Qantas is fast evolving to become a digital business, in response to how customers interact with the brand, the airline’s chief technology officer Rob James said today.
“If you think about it from a customer’s perspective most of their touchpoints with Qantas the brand is through digital channels. It’s only once you finally get to the airport and you experience a lounge or you get on an aircraft that you experience a physical touchpoint,” James told an audience at the Gartner Symposium/ITxpo on the Gold Coast.
“For the most part you’re not walking into a travel agent anymore to book a ticket, you’re doing it online. You’re preparing a lot of things online or through mobile devices. You’re managing your relationship with the brand online. So we are very fast becoming a digital business,” he said.
James, who has been in the role since August said customer facing technologies were a priority for the national carrier, and were considered a point of competitive advantage.
“There is going to always be technology that just runs your business, and they’ll be parts of that technology stack that aren’t a differentiator.
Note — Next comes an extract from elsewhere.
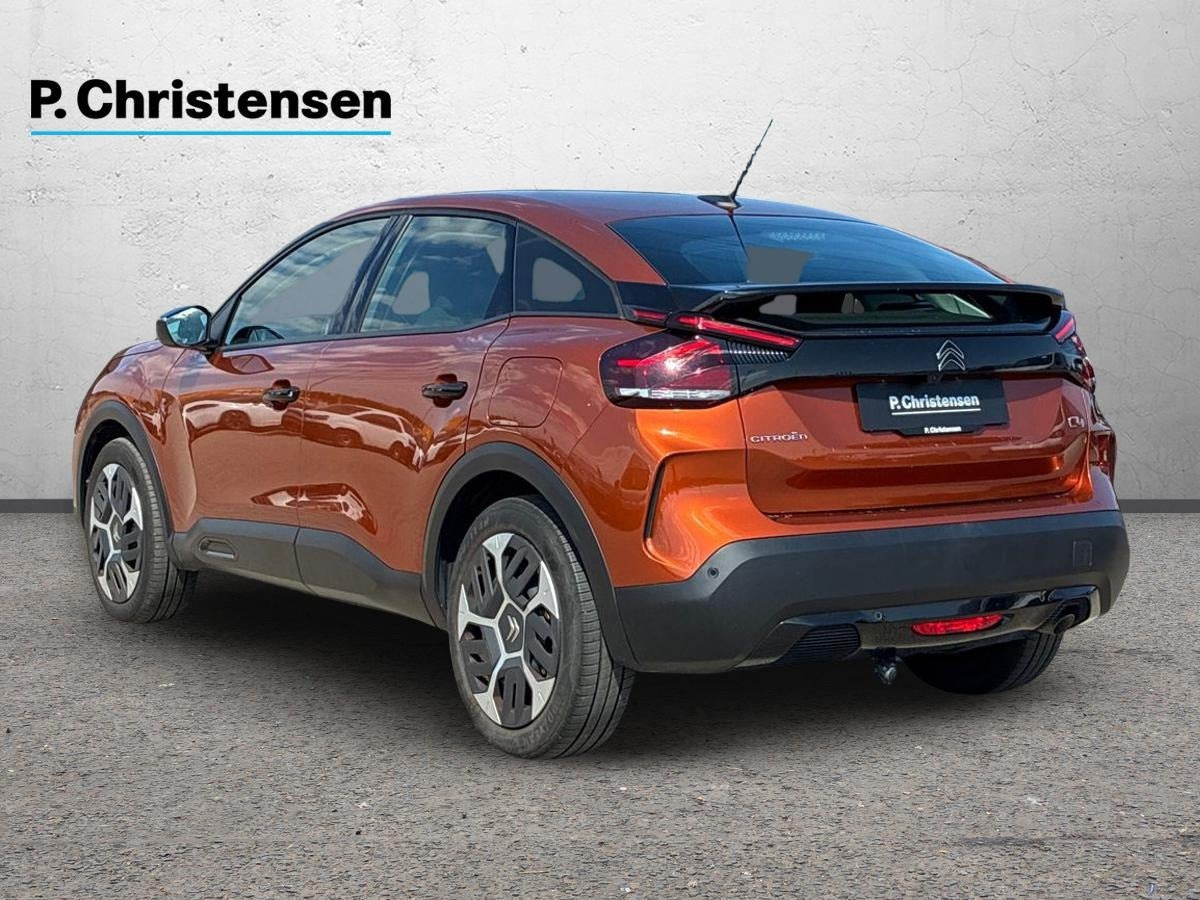 Orange Citroën C4 fra 2022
It might be how you manage your workforce, your fleet, your assets or your finances,” he said as part of an Avanade hosted panel discussion.
“But the areas we see that are differentiators are your customer touch points. How you reach out to your customer, how you provide services to the customer,” he said.
James replaced Chris Taylor who quit as Qantas CTO in February after being in the role since January 2014. James’ previously role was at bookmakers William Hill, where the digital focus was more mature, he said.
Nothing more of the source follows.